A large crowd gathered in All Saints Square to welcome the Prince as he arrived by car at the entrance to the Almshouse. He was greeted by the Lord Lieutenant of Warwickshire and his wife, the Mayor of Nuneaton and Bedworth, her consort, the Chair and Chief Executive of the Almshouse Association, the Chairman and Vice Chairman of the Hospital and Sermon Charity and the Clerk to the Charity. The Prince received a short tour of one of the Almshouse flats before meeting the Trustees and other guests in the Governors Hall. The residents enjoyed tea and cakes in the Residents Lounge where he joined them, moving from table to table so that everyone could enjoy his company. He was presented with gifts including a water colour painting of the Almshouse by local artist David Kearney, and a book about Nicholas Chamberlaine written by local historian John Burton. After signing the Visitors Book the Prince planted a Whitebeam tree using the same spade that his Great-Uncle Edward had used in 1934 to plant a still thriving Oak. The Prince acknowledged the crowd before being whisked away to his next appointment in Nuneaton, ending a highly successful visit to the historic and iconic Almshouses, its residents, staff and Trustees.
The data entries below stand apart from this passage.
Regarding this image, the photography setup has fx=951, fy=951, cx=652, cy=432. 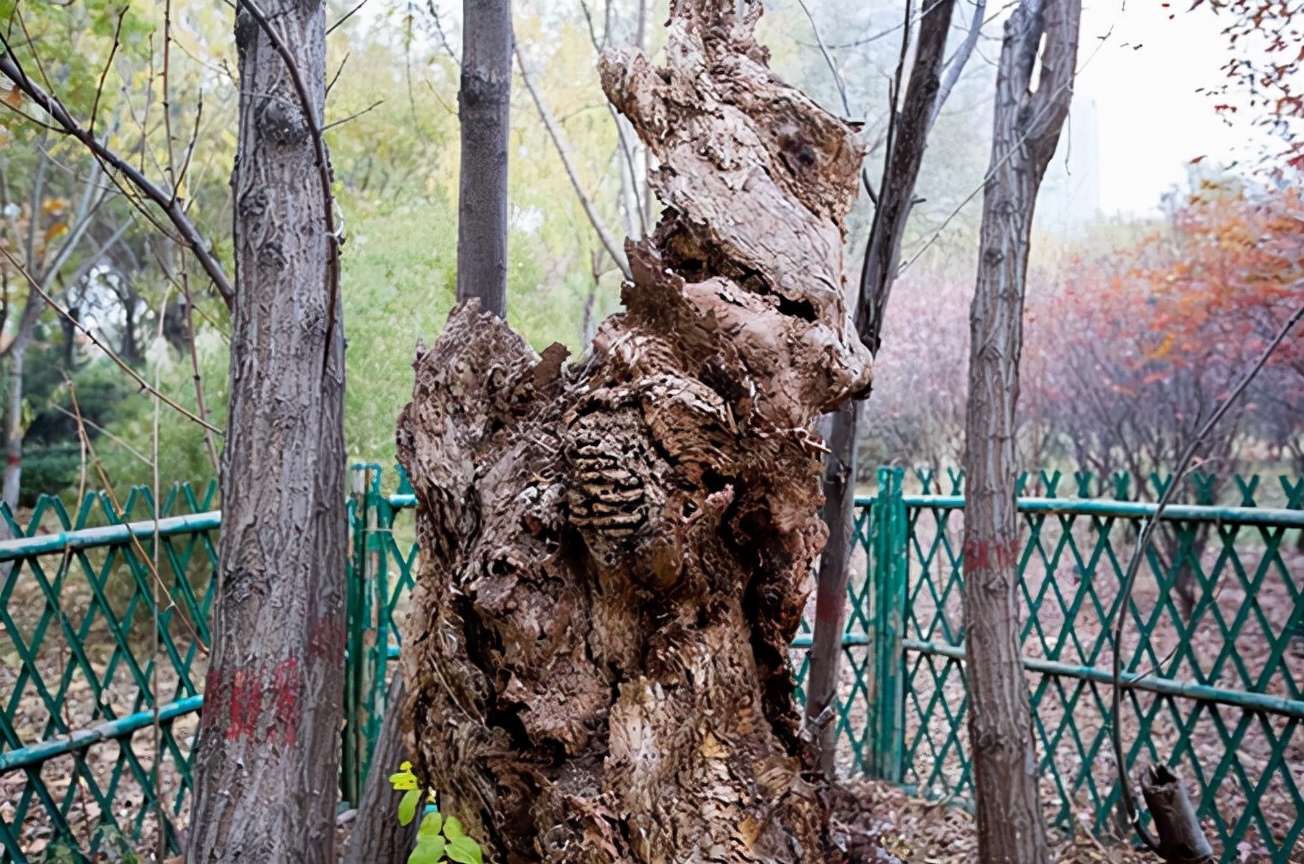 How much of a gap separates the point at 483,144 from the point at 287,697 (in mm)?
1311

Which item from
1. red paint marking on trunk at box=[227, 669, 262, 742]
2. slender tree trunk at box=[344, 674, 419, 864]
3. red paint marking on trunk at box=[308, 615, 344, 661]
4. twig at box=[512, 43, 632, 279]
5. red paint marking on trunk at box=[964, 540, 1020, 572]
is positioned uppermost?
twig at box=[512, 43, 632, 279]

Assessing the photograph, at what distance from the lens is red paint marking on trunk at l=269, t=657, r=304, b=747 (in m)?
1.98

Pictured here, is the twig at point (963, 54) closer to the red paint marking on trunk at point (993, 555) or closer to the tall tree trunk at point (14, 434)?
the red paint marking on trunk at point (993, 555)

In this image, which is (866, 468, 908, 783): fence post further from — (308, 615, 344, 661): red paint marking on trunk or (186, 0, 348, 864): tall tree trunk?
(186, 0, 348, 864): tall tree trunk

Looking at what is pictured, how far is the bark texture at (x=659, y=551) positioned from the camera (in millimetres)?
1157

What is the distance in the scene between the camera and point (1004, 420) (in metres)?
2.43

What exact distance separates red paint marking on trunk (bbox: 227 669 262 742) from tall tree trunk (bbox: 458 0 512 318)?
942 mm

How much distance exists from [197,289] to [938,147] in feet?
22.2

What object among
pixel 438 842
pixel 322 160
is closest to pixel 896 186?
pixel 322 160

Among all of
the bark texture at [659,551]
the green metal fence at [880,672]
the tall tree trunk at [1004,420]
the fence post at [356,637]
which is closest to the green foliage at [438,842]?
the bark texture at [659,551]

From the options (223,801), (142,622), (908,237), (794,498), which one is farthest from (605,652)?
(908,237)

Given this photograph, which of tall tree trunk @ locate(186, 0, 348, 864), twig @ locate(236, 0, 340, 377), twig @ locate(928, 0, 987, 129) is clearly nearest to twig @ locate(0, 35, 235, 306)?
tall tree trunk @ locate(186, 0, 348, 864)

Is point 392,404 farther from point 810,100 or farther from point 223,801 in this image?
point 810,100

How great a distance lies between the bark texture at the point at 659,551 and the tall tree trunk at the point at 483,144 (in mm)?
896
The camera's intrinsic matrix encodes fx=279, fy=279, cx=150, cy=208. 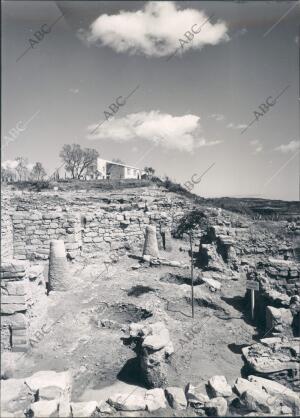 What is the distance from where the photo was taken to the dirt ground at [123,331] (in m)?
6.08

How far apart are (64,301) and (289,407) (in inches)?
264

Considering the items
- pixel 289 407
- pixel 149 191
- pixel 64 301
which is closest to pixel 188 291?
pixel 64 301

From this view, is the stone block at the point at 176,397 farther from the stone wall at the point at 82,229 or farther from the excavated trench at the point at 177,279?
the stone wall at the point at 82,229

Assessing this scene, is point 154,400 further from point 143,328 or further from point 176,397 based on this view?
point 143,328

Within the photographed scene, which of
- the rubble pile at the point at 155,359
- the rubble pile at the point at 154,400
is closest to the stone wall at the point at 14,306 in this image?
the rubble pile at the point at 154,400

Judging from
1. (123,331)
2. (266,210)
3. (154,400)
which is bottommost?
(154,400)

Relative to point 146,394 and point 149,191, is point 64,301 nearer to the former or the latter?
point 146,394

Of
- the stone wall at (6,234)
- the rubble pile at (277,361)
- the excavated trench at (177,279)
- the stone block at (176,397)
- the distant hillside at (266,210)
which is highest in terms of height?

We are most grateful to Dean Wainwright for giving us permission to use his photographs from the occasion.
Bedworth Almshouse was alive with stories, songs and laughter when local lass Diana Butler entertained a large and appreciative audience in January 2020. Her talk entitled “From Bedworth to London” took her listeners on a journey that began with a young Diana discovering an early talent for performance and music. Diana was a pupil at Nicholas Chamberlaine School and after A levels was awarded a place at the Royal Academy of Music. She went on to perform as a pianist and as a singer in major London venues and in many parts of the world. Diana interspersed her talk with a variety of piano excerpts encouraging her audience to join in the songs and she ended with a patriotic “We’ll Meet Again.” The audience comprised members of several Bedworth Churches, as well as Almshouse residents, and members of Diana's family including sisters Jean (centre) and Barbara (right).
Over £300 was raised for Cancer Research UK.
Almost 1000 Bedworth schoolchildren sang their hearts out at the special service in the Quadrangle of the Almshouses. There were hymns, historical readings, a short address and prayers. Rose, Lady Daventry, also presented local Schools with a financial gift for their libraries. The bells of All Saints Parish Church rang in thanksgiving as the service ended. Guests were then invited to the Church for the unveiling of a memorial plaque to Nicholas Chamberlaine. Music was played on a Clavinova by the Rev. Rupert Jeffcoat who had chosen a special piece composed by the Rev. Richard Mudge, a former Bedworth Rector who died in 1763.
Glorious sunshine welcomed hundreds of visitors to the Almshouses to enjoy stunning floral displays by members of the Nuneaton Flower Guild. Eighteen arrangements reflected Bedworth's history from weaving to hats and from coal mining to engineering. Each one had been sponsored and added to the beauty of the Elizabethan-styled cloisters and panelled Governors Hall. A vintage pram collection was hugely popular as were the delicious home-made cakes that together with donations raised 729 pounds for Myton Hospice. A huge thank you from the Trust to everyone who took part and to all those who came to support the event.
Nicholas Chamberlaine Trusts launched it's website on Heritage week-end - September 14th 2013. The Mayor of Nuneaton and Bedworth, Councillor Bob Copland and Mayoress Elaine Copland were guests of honour joining residents, Governors and members of the public as the site went live. Councillor Copland pressed the computer button launching the site which was designed by Paul Beedham, an IT professional. They both cut a special cake and sent balloons into the sky.